Emily Ann Hattouni, University of Montana, Missoula
2:50 PM - 3:05 PM
Overview and Purpose: Mindfulness-based practices have gained popularity since the introduction of mindfulness-based stress reduction (MBSR; Kabat-Zinn, 1994). Over the years, mindfulness has been used with a variety of psychological disorders, such as anxiety and depression (e.g. Desrosiers, Vine, Klemanski, & Nolen-Hoeksema, 2013). Additional research suggests that mindfulness can be used in non-clinical populations to increase psychological well-being (Brown & Ryan, 2003). School-based interventions have shown positive outcomes for elementary-age students, such as decreased depressive symptoms, decreased aggression, greater empathy, and emotional control (Schonert-Reichl, Oberle, Lawlor, Abbott, Thomson, Oberlander, & Diamond, 2015). Kielty, Gillam, Staton, and Curtis (2017) found that classroom-based mindfulness interventions increased the likelihood that children would use mindfulness-based coping strategies (i.e., mindful breathing) when faced with strong feelings. However, schools often report limited time and resources to introduce mindfulness interventions. Thus, brief interventions may be considered for implementation within the schools. Because of the range of applications for mindfulness, the purpose of the current presentation is to present the results of a research study examining a brief (5-minute) intervention of mindfulness. A second goal is to show how the results from the research study can be used to inform school-based mindfulness practice and provide participants with research-based mindfulness strategies that can be easily implemented in schools.

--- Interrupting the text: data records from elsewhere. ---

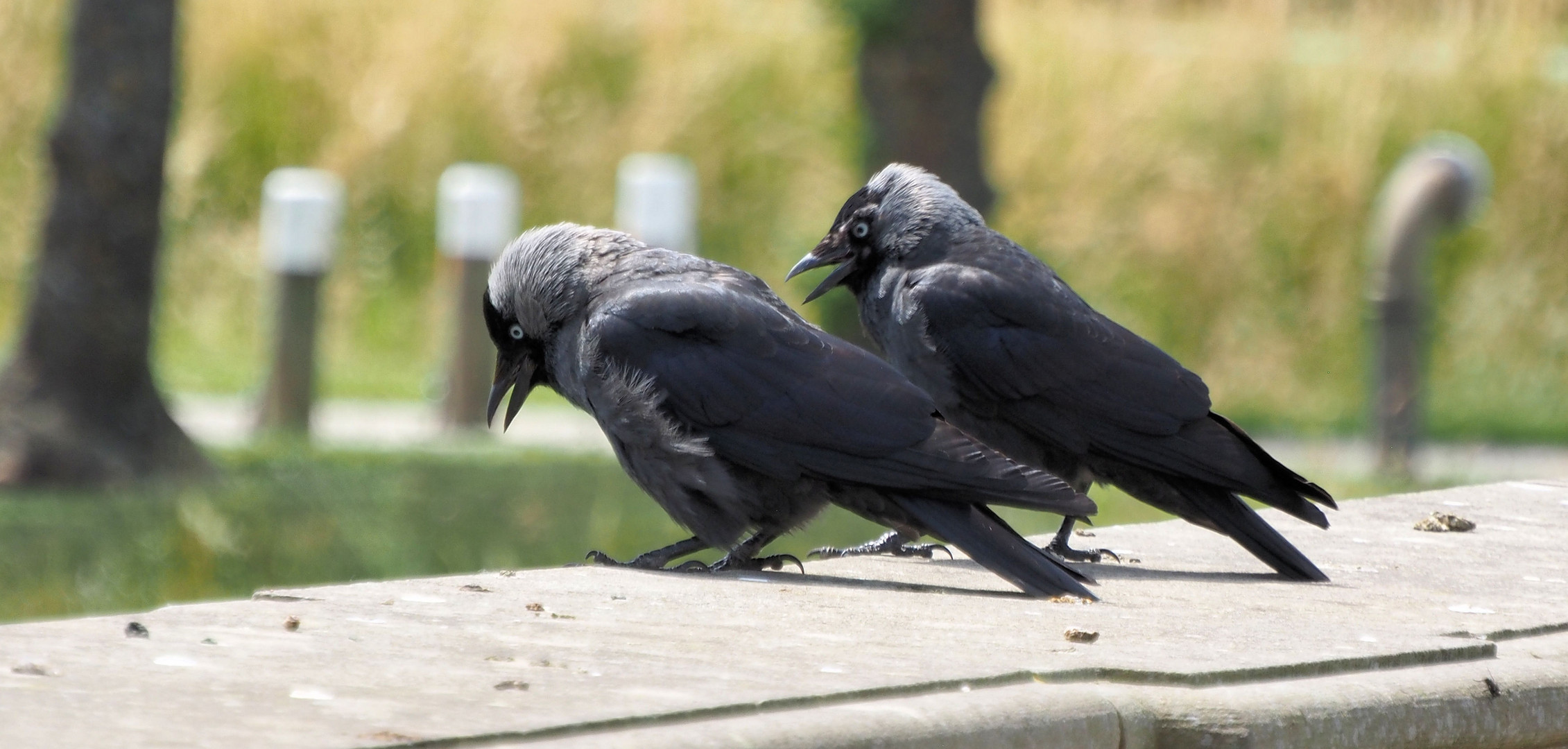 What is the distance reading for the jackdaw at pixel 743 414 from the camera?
3.75 m

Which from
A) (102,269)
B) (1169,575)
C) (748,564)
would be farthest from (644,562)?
(102,269)

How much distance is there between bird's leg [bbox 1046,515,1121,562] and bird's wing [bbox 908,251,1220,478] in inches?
7.3

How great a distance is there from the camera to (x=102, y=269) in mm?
7348

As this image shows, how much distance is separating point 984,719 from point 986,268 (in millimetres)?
2137

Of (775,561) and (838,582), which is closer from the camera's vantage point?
(838,582)

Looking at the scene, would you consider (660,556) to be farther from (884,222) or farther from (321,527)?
(321,527)

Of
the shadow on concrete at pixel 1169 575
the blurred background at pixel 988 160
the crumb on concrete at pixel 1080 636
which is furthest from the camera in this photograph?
the blurred background at pixel 988 160

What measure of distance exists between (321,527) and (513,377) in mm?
2706

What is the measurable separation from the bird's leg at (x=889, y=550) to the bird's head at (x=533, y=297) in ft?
2.35

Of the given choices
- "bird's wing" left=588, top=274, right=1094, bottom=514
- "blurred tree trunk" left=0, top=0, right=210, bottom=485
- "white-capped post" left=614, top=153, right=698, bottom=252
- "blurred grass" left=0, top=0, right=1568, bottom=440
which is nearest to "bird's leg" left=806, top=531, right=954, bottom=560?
"bird's wing" left=588, top=274, right=1094, bottom=514

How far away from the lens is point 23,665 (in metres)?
2.47

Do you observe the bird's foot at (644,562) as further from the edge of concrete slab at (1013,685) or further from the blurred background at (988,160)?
the blurred background at (988,160)

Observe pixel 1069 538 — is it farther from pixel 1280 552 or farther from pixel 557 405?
pixel 557 405

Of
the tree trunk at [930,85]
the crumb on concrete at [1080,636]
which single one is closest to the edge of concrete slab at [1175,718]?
the crumb on concrete at [1080,636] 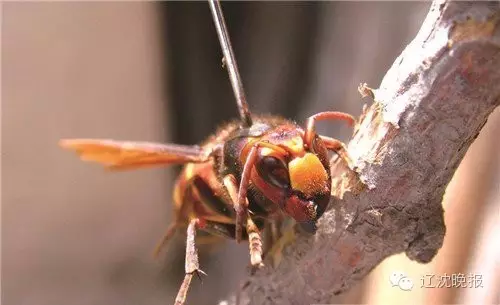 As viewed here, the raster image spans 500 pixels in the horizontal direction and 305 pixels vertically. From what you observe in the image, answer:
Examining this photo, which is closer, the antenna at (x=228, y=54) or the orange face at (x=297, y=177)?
the orange face at (x=297, y=177)

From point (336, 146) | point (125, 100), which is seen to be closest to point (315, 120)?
point (336, 146)

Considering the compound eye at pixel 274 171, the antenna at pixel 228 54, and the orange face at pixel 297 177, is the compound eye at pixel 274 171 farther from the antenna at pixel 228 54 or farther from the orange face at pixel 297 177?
the antenna at pixel 228 54

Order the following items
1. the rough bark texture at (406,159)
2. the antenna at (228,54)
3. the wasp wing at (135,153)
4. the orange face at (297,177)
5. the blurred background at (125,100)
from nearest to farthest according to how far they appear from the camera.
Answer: the rough bark texture at (406,159)
the orange face at (297,177)
the antenna at (228,54)
the wasp wing at (135,153)
the blurred background at (125,100)

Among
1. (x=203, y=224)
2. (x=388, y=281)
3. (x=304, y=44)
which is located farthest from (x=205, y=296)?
(x=304, y=44)

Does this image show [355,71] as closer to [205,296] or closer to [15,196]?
[205,296]

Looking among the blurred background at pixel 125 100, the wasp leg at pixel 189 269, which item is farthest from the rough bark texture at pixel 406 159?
the blurred background at pixel 125 100

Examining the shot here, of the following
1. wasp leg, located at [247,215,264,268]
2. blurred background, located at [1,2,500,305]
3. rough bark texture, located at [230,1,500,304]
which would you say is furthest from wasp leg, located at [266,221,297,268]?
blurred background, located at [1,2,500,305] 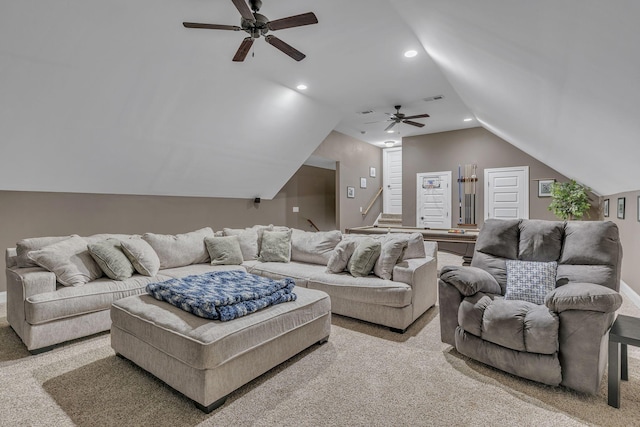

Method: Participants were randomly assigned to receive either a mindfulness intervention, ruminative intervention, or no intervention. Interventions were adapted from Huffziger and Kuehner (2009) and Lyubomirsky, Kasri, and Zehm (2003). Participants were presented a series of 20 statements to read at their own pace, for five minutes. Statements were designed for the induction of a cognitive state, which was either ruminative or mindful in nature. All participants completed a stress-induction, which increased self-reported arousal. Baseline arousal was then compared to arousal levels after the brief intervention period.
Results: To determine if mindfulness and rumination interventions differentially effected emotion regulation, state affect was compared between T1 (pre-stress induction), T2 (post-stress induction), and T3 (post-mindful/rumination intervention). A repeated-measures ANOVA was conducted for the measure of arousal to compare the effect of the interventions. Change in arousal was significantly influenced by intervention group (i.e. mindfulness or rumination), F (2, 63) = 3.92, p < 0.03. Results also revealed that participants who received the mindfulness intervention reported a decrease in arousal from T2 (post-stress induction) to T3 (post-intervention), with an effect size of d = -1.16. The difference in effect size on arousal between the mindfulness intervention and the rumination intervention indicated that mindfulness is more effective at reducing arousal levels. Results suggest that the mindfulness intervention group had a larger effect on change in arousal, and that mindfulness-based interventions are useful to reduce strong emotions. This presentation will highlight the implication of these results for the implementation of effective school-based mindfulness interventions and how these interventions can help reduce arousal levels and promote emotional regulation in school-age children. Additional resources will also be provided to accommodate mindfulness interventions to the specific needs of a school.